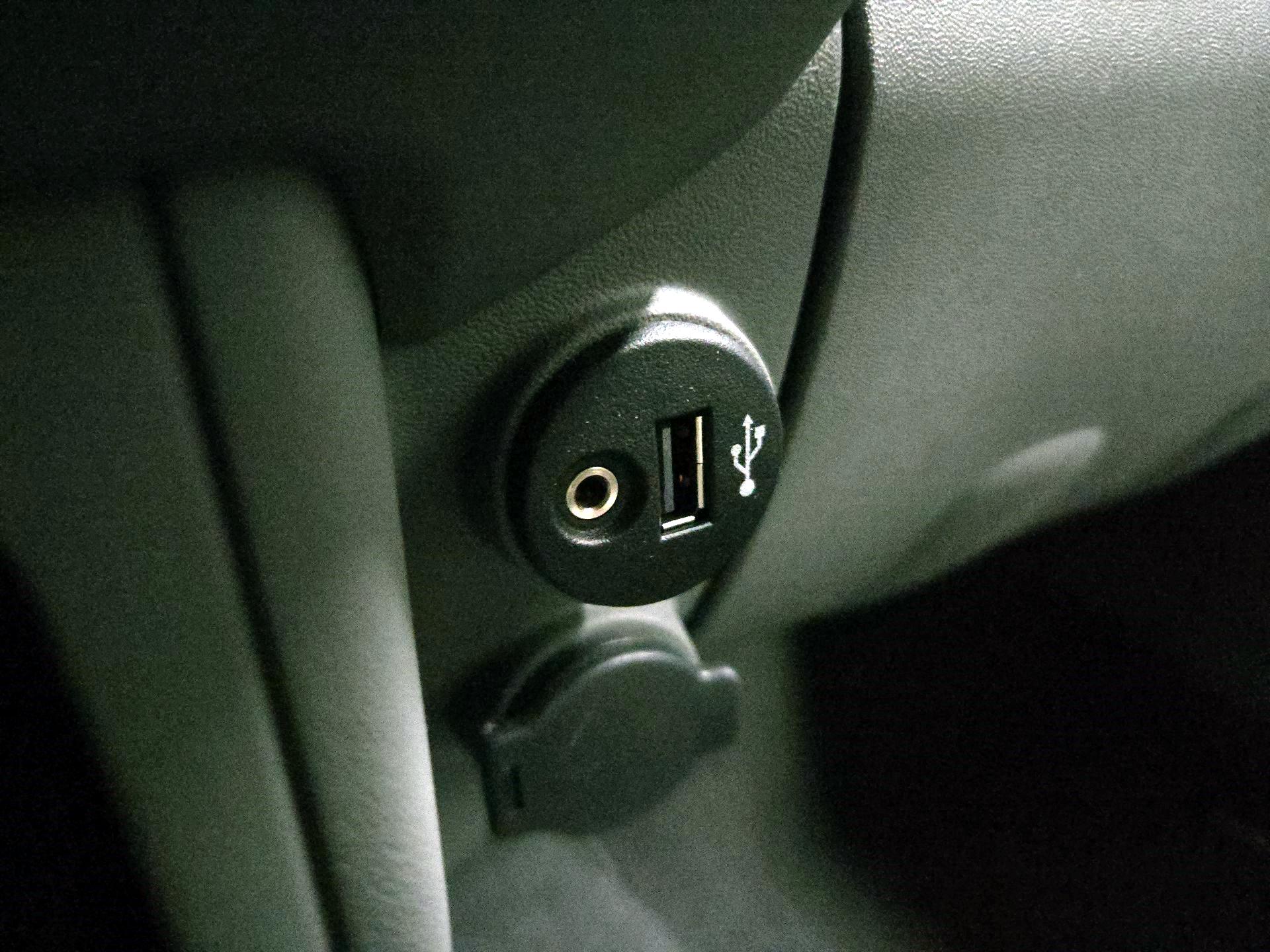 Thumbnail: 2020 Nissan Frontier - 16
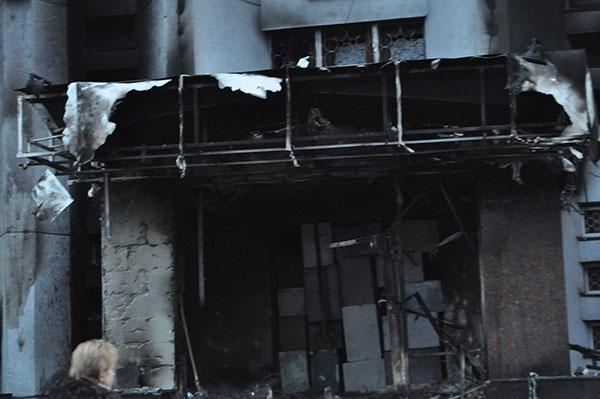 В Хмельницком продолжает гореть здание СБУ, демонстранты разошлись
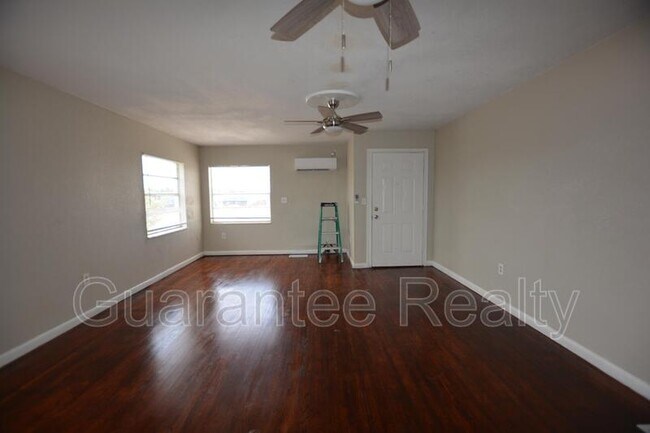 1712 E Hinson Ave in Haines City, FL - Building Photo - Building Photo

☆ ☆ ☆ ☆ ☆

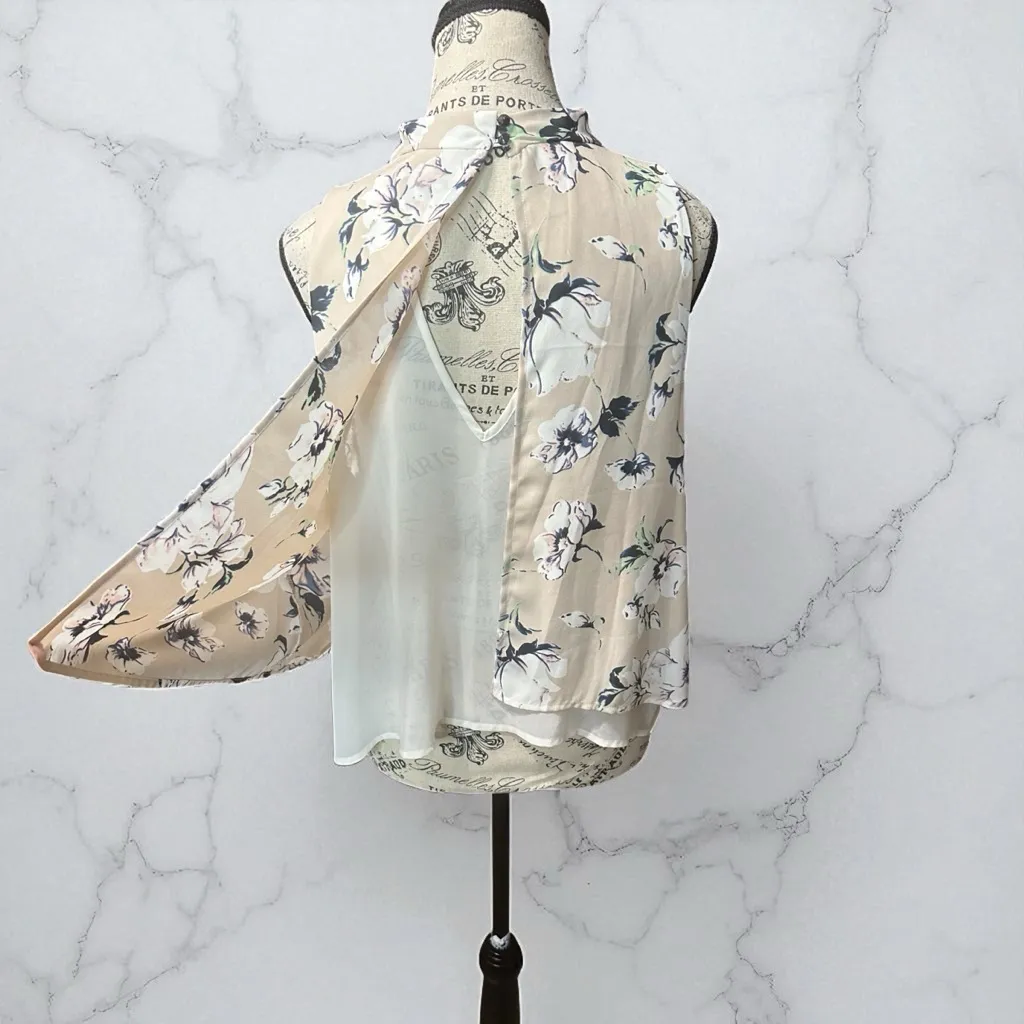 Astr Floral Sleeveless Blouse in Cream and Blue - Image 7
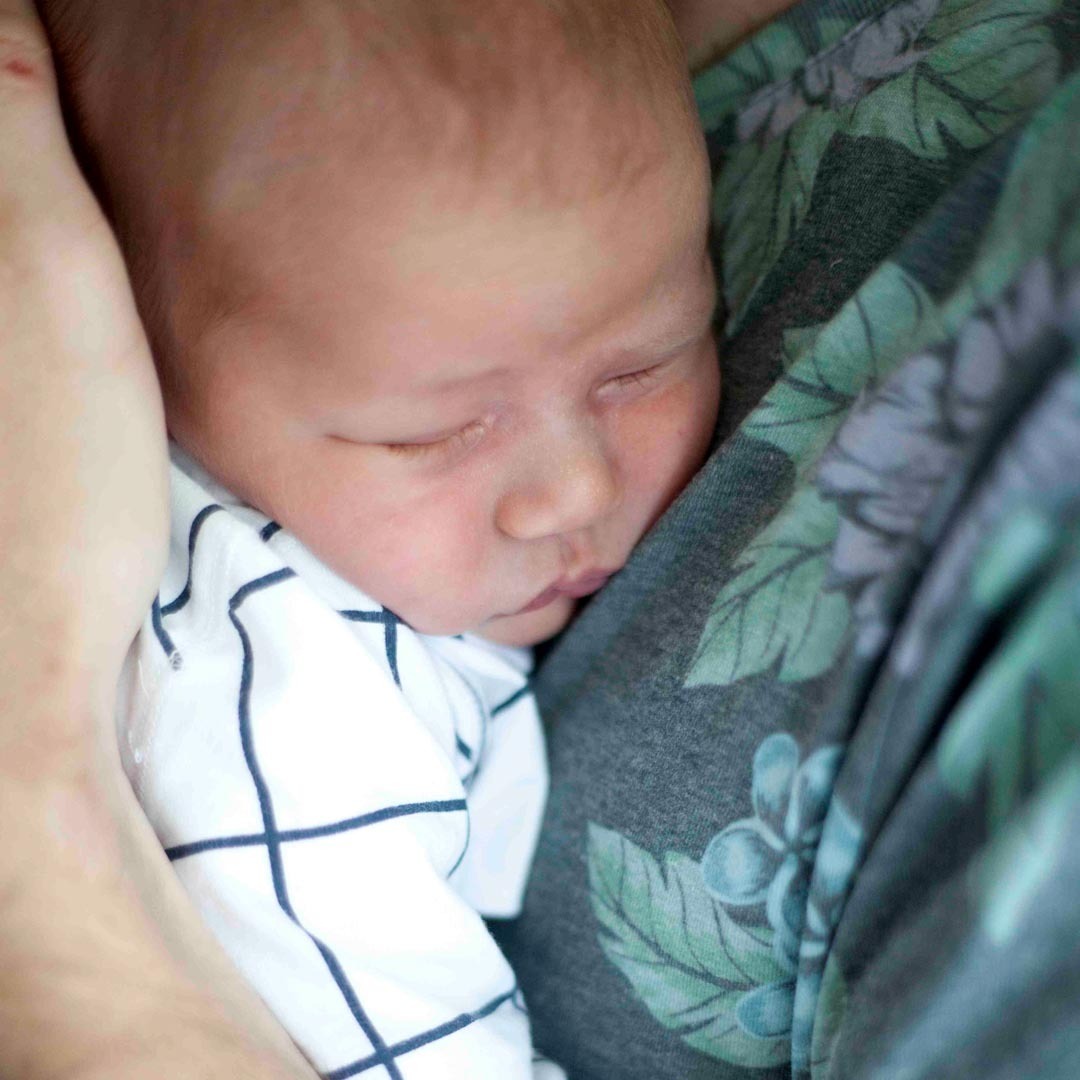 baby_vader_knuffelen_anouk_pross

☆ ☆ ☆ ☆ ☆

■ **TASK BRIEF**
Restate word for word the lines of the data above that begin at the line with "В Хмельницком продолжает" and end at the line with "1712 E Hinson", keeping both ends and dropping every picture.

■ **SOLVED PROBLEM**
 В Хмельницком продолжает гореть здание СБУ, демонстранты разошлись
 1712 E Hinson Ave in Haines City, FL - Building Photo - Building Photo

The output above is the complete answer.